CUDA kernel to convert P010LE into ARGB

Question

I have frames extracted from a 10 bit movie, using ffmpeg writing P010LE frames. I'm loading the frames into a vector of uint8_t. I've verified the frame data by viewing it with rawpixels.net. I'm trying to make a CUDA kernel that will convert these P010LE frames into ARGB format. Apparently this is beyond my mental horsepower.

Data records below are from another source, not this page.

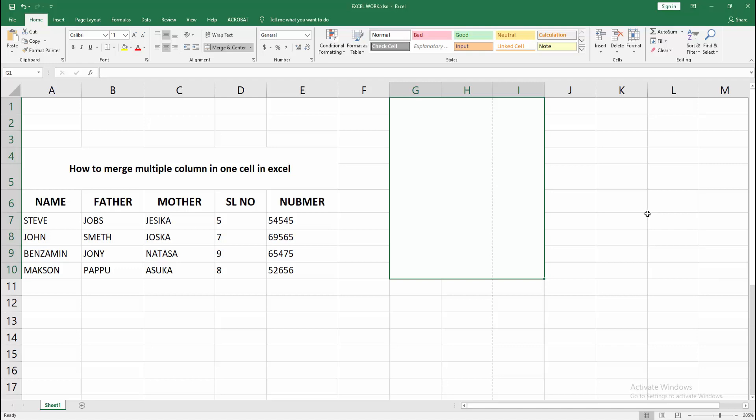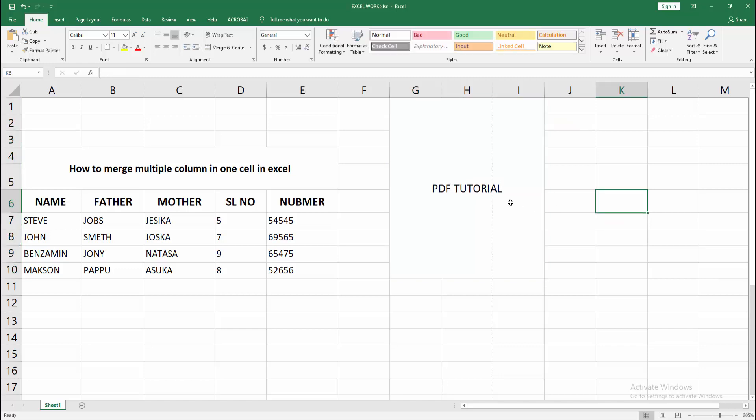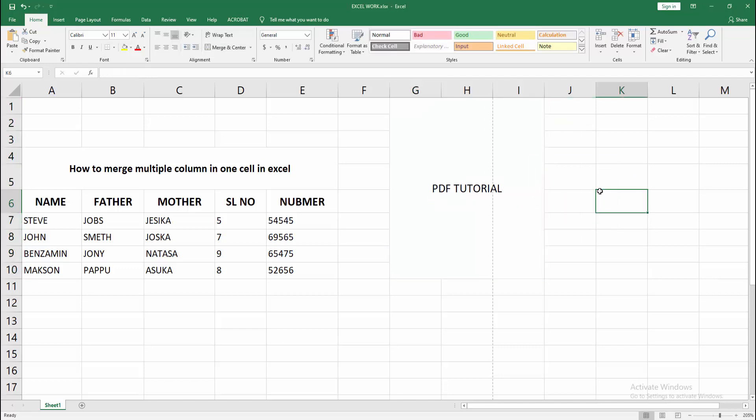Now we can see we merged multiple columns into one easily. I hope you enjoyed my video. Please like, comment, share, and subscribe to my channel. Thanks for watching.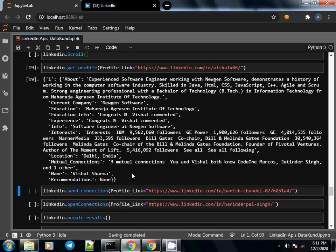In the next video we're going to see how to send connection requests to profiles. Thank you.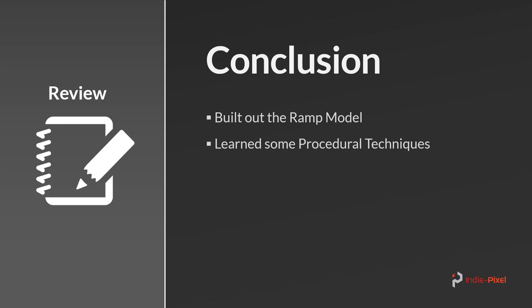I highly recommend learning what the nodes do and the data they output. Mix and match them together and see what kind of results you get. We also took a look at creating clean procedural UVs. I highly recommend doing it this way too.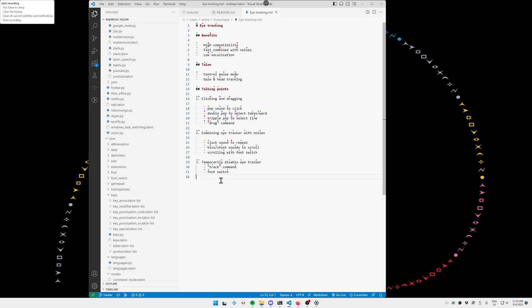Today's topic is going to be on eye tracking and how I, as a very eye tracking focused user, utilize eye tracking with Talon voice.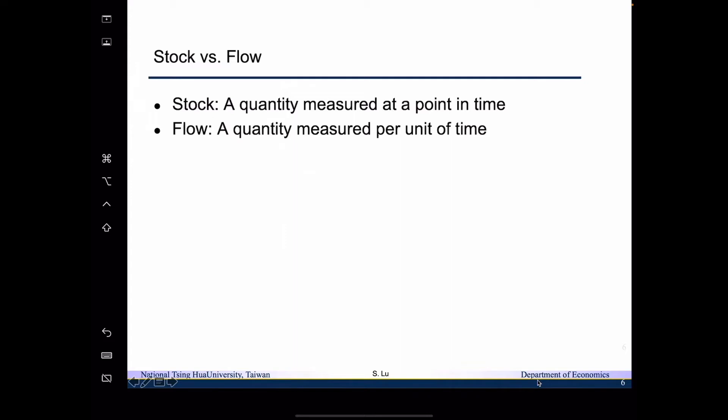So then what is the flow concept? A flow concept is about a quantity measured per unit of time. It is about how much is accumulated during some specific period of time. For example, we say that the US investment last year was 4 trillion. Then we know that the concept of stock and flow are different.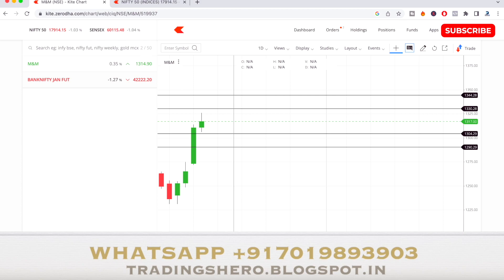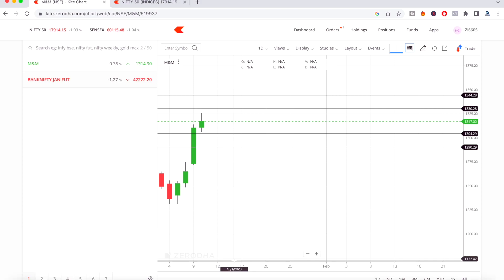These are the levels and stock for tomorrow. Let's see how the market performs. If you wish to learn from me and get live market guidance, you can join us by messaging on the WhatsApp number displayed on the screen. Thank you guys so much for watching — have a good day and I'll see you in the next one very soon.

Anyway, to simplify I thought I'd just show the luma, then maybe ask a question about the chroma once I've failed that. My kernel looks like this:

__global__ void P010leToArgbKernel(const uint8_t * P010le, uint8_t * argb, int width, int height)
{
    int x = blockIdx.x * blockDim.x + threadIdx.x;
    int y = blockIdx.y * blockDim.y + threadIdx.y;

    if (x < width && y < height)
    {
        int yIndexP010 = (y * width + x) * 2;

        uint16_t Y = *reinterpret_cast<const uint16_t*>(P010le + yIndexP010) & 0x3FF;
        uint8_t Y8 = static_cast<uint8_t>((Y * 255 + 511) / 1023); // Proper rounding

        int yIndex = (y * width + x) * 4;

        argb[yIndex + 0] = Y8;
        argb[yIndex + 1] = Y8;
        argb[yIndex + 2] = Y8;
        argb[yIndex + 3] = 255; // Alpha
    }
}

The result is as follows, which I do not believe to be correct (original image left, converted image right). I'm expecting a smooth, greyscale image. What mistake did I make?

Answer 1

Following a hint from Christoph I realised the P010LE format actually stores its 10 bits in the high 10, not the low. Shifting down 6 times brings the data into the low 10 bits. Apparently it's good practice to mask off the bits you want in any case, so I have done that here.

Y = (Y >> 6) & 0x3FF;

The final kernel (probably not the fastest possible but it works) is below. When I used this with GDI+ so I could get a very quick-to-code visualisation, I also realised that its PixelFormat32bppARGB is actually BGRA on the underlying bitmap, so I've renamed it from P010le_To_Argb_Kernel to P010le_To_Bgra_Kernel.

__global__ void P010le_To_Bgra_Kernel(const uint8_t * P010le, uint8_t * argb, int width, int height)
{
    int x = blockIdx.x * blockDim.x + threadIdx.x;
    int y = blockIdx.y * blockDim.y + threadIdx.y;

    if (x < width && y < height)
    {
        int yIndexP010 = (y * width * 2) + (x * 2);

        uint16_t Y = *reinterpret_cast<const uint16_t*>(P010le + yIndexP010);
        
        // Important note:  The data is in the high ten bits, not the low!

        Y = (Y >> 6) & 0x3FF;
        
        int uvIndexP010 = (width * height * 2) + ((y / 2) * (width * 2)) + (x / 2) * 4;

        uint16_t U = *reinterpret_cast<const uint16_t *>(P010le + uvIndexP010) >> 6 & 0x3FF;
        uint16_t V = *reinterpret_cast<const uint16_t*>(P010le + uvIndexP010 + 2) >> 6 & 0x3FF;

        uint8_t Y8 = static_cast<uint8_t>((Y * 255 + 511) / 1023); // Scale to 8-bit.
        uint8_t U8 = static_cast<uint8_t>((U * 255 + 511) / 1023);
        uint8_t V8 = static_cast<uint8_t>((V * 255 + 511) / 1023);

        int C = Y8 - 16;
        int D = U8 - 128;
        int E = V8 - 128;

        int argbIndex = (y * width + x) * 4;

        // GDI+ bitmap format PixelFormat32bppARGB claims to be ARGB but in byte order it's BGRA.

        argb[argbIndex + 3] = 255; // Alpha

        argb[argbIndex + 2] = min(max((298 * C + 409 * E + 128) >> 8, 0), 255); // Red
        argb[argbIndex + 1] = min(max((298 * C - 100 * D - 208 * E + 128) >> 8, 0), 255); // Green
        argb[argbIndex + 0] = min(max((298 * C + 516 * D + 128) >> 8, 0), 255); // Blue
    }
}